- [RECORDS PROVIDED]
*** Begin section ***

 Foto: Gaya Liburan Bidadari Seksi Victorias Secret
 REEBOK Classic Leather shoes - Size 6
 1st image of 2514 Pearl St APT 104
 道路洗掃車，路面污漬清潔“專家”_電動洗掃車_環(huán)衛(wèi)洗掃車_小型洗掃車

*** End section ***
*** Begin section ***

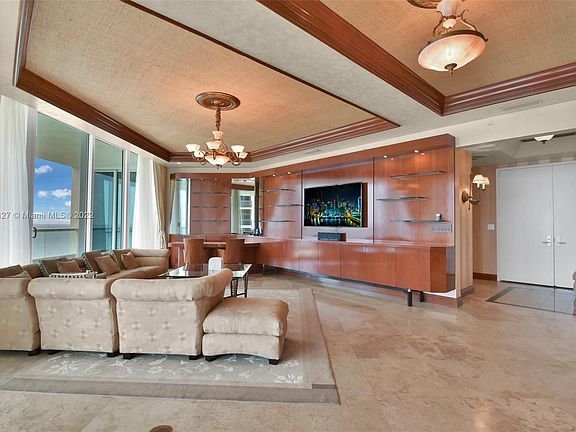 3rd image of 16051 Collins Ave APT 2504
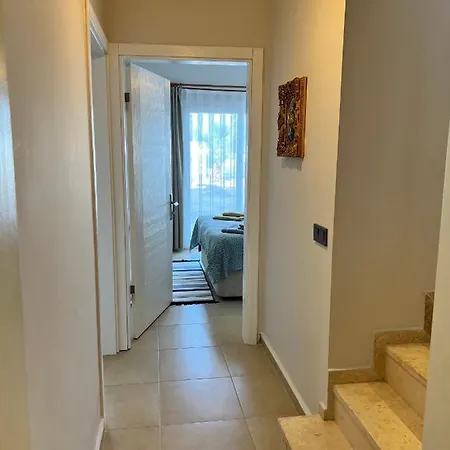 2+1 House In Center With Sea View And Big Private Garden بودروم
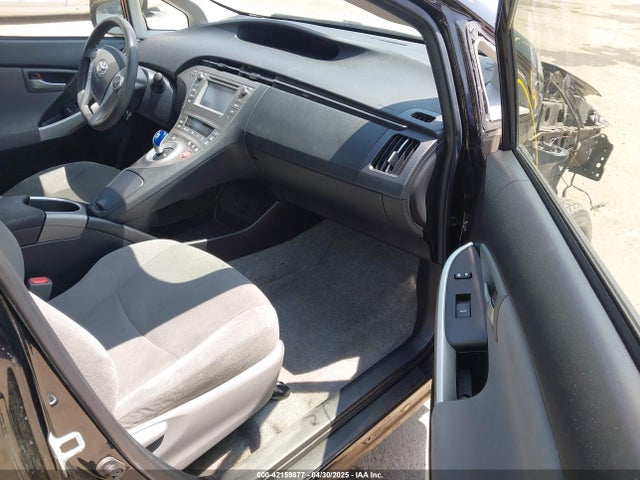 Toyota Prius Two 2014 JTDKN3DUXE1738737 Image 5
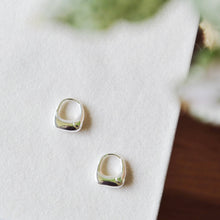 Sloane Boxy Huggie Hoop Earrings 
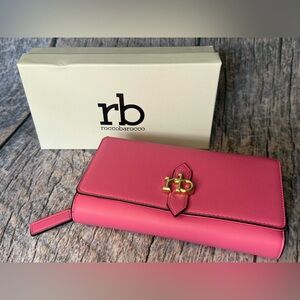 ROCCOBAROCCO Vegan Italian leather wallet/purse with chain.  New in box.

*** End section ***
*** Begin section ***

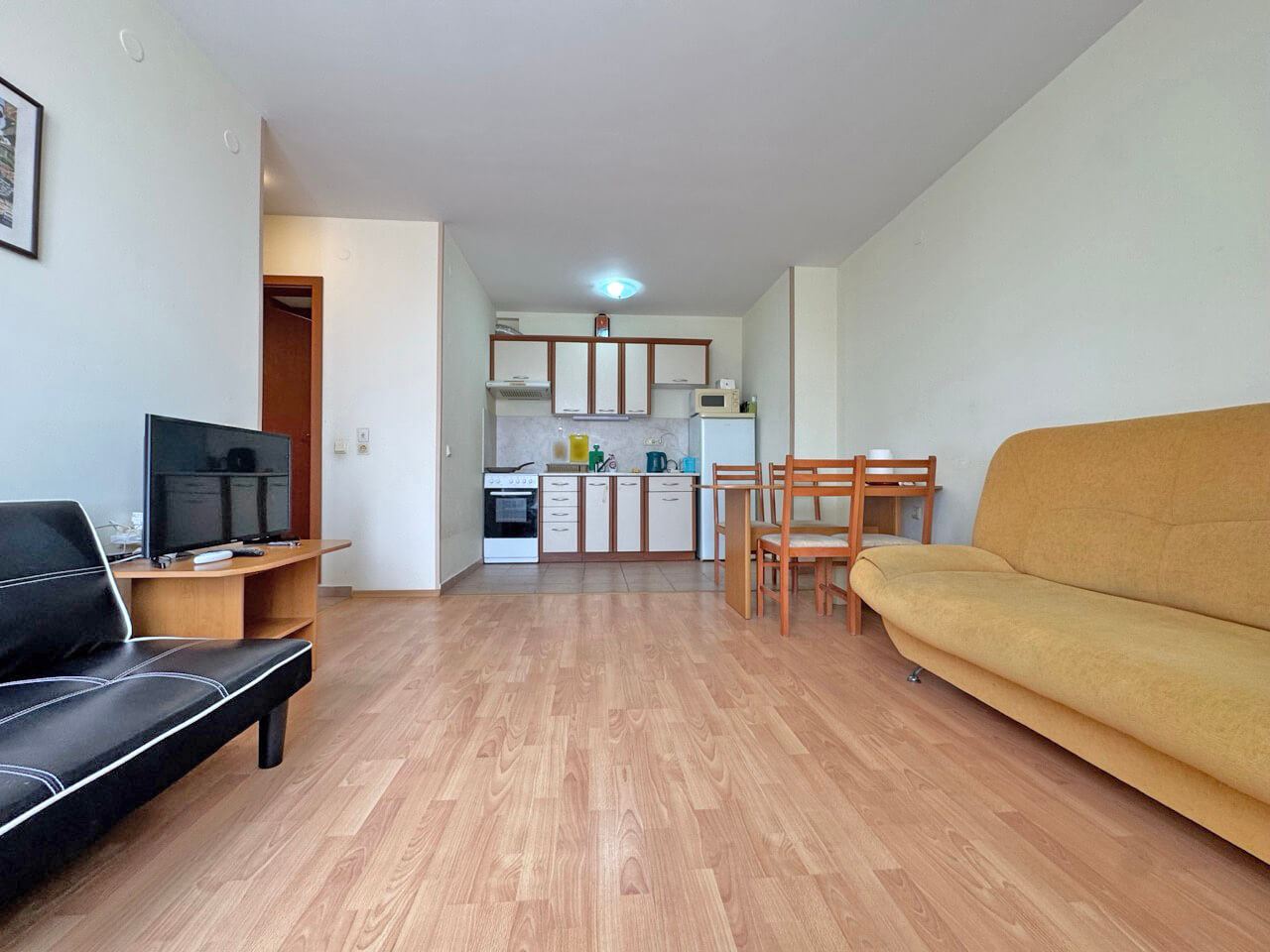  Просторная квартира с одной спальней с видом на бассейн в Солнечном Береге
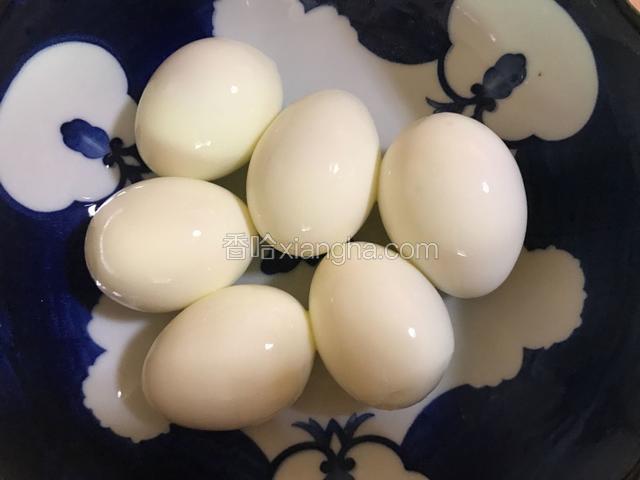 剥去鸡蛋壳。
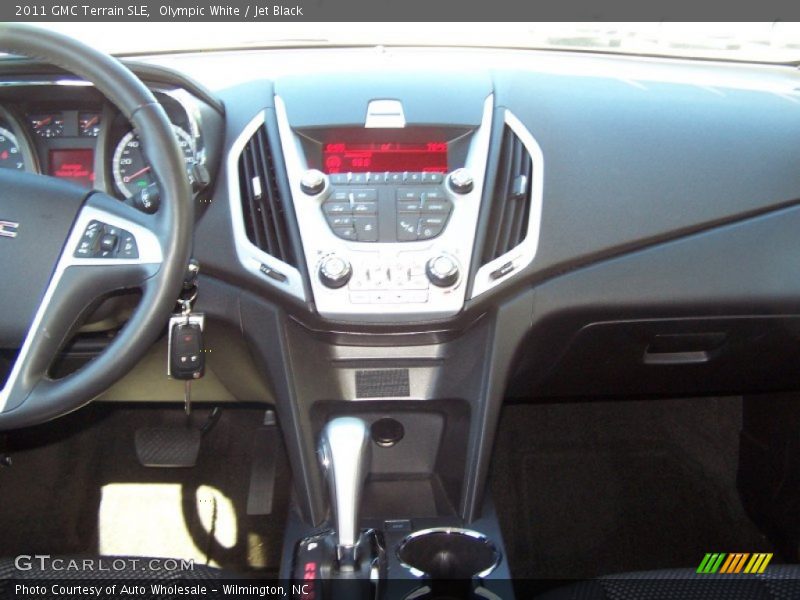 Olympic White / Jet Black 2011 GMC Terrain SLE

*** End section ***

- [WHAT THIS TASK INVOLVES] Looking at the data above, return every line from the one with "REEBOK Classic Leather shoes - Size 6" down to the one with "道路洗掃車，路面污漬清潔", exactly and inclusively.

- [TASK OUTPUT]
 REEBOK Classic Leather shoes - Size 6
 1st image of 2514 Pearl St APT 104
 道路洗掃車，路面污漬清潔“專家”_電動洗掃車_環(huán)衛(wèi)洗掃車_小型洗掃車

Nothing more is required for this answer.